• Your instructions: Each line of the data below must be reproduced without any change.
=== Section Start ===
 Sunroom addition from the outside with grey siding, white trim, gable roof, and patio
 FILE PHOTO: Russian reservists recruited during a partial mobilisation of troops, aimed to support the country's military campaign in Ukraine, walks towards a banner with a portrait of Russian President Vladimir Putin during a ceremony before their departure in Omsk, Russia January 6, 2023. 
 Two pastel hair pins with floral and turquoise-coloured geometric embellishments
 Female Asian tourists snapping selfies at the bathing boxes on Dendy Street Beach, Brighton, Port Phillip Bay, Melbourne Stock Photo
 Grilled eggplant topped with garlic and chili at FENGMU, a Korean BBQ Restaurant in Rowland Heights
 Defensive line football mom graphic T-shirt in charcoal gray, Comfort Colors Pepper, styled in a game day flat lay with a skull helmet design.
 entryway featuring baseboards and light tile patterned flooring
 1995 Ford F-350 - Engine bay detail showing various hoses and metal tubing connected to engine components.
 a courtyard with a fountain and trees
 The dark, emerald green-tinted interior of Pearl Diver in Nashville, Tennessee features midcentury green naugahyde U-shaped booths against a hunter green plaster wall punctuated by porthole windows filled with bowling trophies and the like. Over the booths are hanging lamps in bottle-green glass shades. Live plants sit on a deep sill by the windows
=== Section End ===
• Answer area:
 Sunroom addition from the outside with grey siding, white trim, gable roof, and patio
 FILE PHOTO: Russian reservists recruited during a partial mobilisation of troops, aimed to support the country's military campaign in Ukraine, walks towards a banner with a portrait of Russian President Vladimir Putin during a ceremony before their departure in Omsk, Russia January 6, 2023. 
 Two pastel hair pins with floral and turquoise-coloured geometric embellishments
 Female Asian tourists snapping selfies at the bathing boxes on Dendy Street Beach, Brighton, Port Phillip Bay, Melbourne Stock Photo
 Grilled eggplant topped with garlic and chili at FENGMU, a Korean BBQ Restaurant in Rowland Heights
 Defensive line football mom graphic T-shirt in charcoal gray, Comfort Colors Pepper, styled in a game day flat lay with a skull helmet design.
 entryway featuring baseboards and light tile patterned flooring
 1995 Ford F-350 - Engine bay detail showing various hoses and metal tubing connected to engine components.
 a courtyard with a fountain and trees
 The dark, emerald green-tinted interior of Pearl Diver in Nashville, Tennessee features midcentury green naugahyde U-shaped booths against a hunter green plaster wall punctuated by porthole windows filled with bowling trophies and the like. Over the booths are hanging lamps in bottle-green glass shades. Live plants sit on a deep sill by the windows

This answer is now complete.